Some 189 countries are debating a united response to the threat of climate change at a two-week conference in Nairobi.
The Kyoto Protocol has already taken a very small first step to curbing man's contribution to climate change, capping greenhouse gas emissions by some industrialised nations.
Scientists say much tougher caps are needed to avert catastrophic weather changes.
Developing countries have now come to accept that the developed world has to take time to work out the scope of the emissions cuts it can afford with available technologies.
''They have themselves proposed that this be a first step in the work map,'' said Michael Zammit Cutajar, head of the UN group set up to plot Kyoto's future post-2012.
''I don't think there will be a date on it. It will be a series of steps, on the overall understanding that the deal will be done in time for the parties to ratify before the end of 2012.'' The EU's chief negotiator, Outi Berghall from the current EU president Finland, also saw agreement on next steps: ''We want to establish a work programme and how to proceed. In my understanding it should be possible here because, even in Group 77 (the developing countries), it's understood that we need some analytical work.'' The European Union has accepted cuts to be implemented by 2012, when Kyoto's provisions expire.
Poorer nations had feared any delay in negotiations might pile pressure on them to make binding emissions cuts themselves.
They argue that they cannot take action on climate change until they pull themselves out of poverty.
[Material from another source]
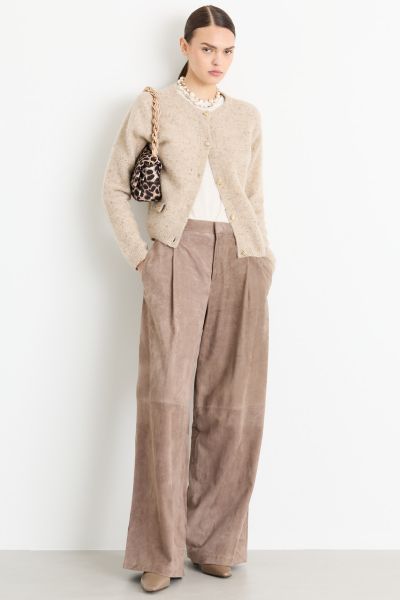 Alpaca-blend bouclé cardigan - Beige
But not all developing countries are in the same position, said Berghall: ''Some of the countries we classify as developing countries have higher GDP per capita than some in the EU, while some are very poor indeed.'' Asked about South Korea, for example, she said: ''We would like them to have a greater role ... even binding commitments. Of course that would be very welcome if they would take it.'' Former World Bank chief economist Nicholas Stern last month injected fresh urgency in the climate change debate, saying failure to act could trigger severe floods and harsh droughts, uproot as many as 200 million people, and cause economic upheaval on the scale of the Depression of the 1930s.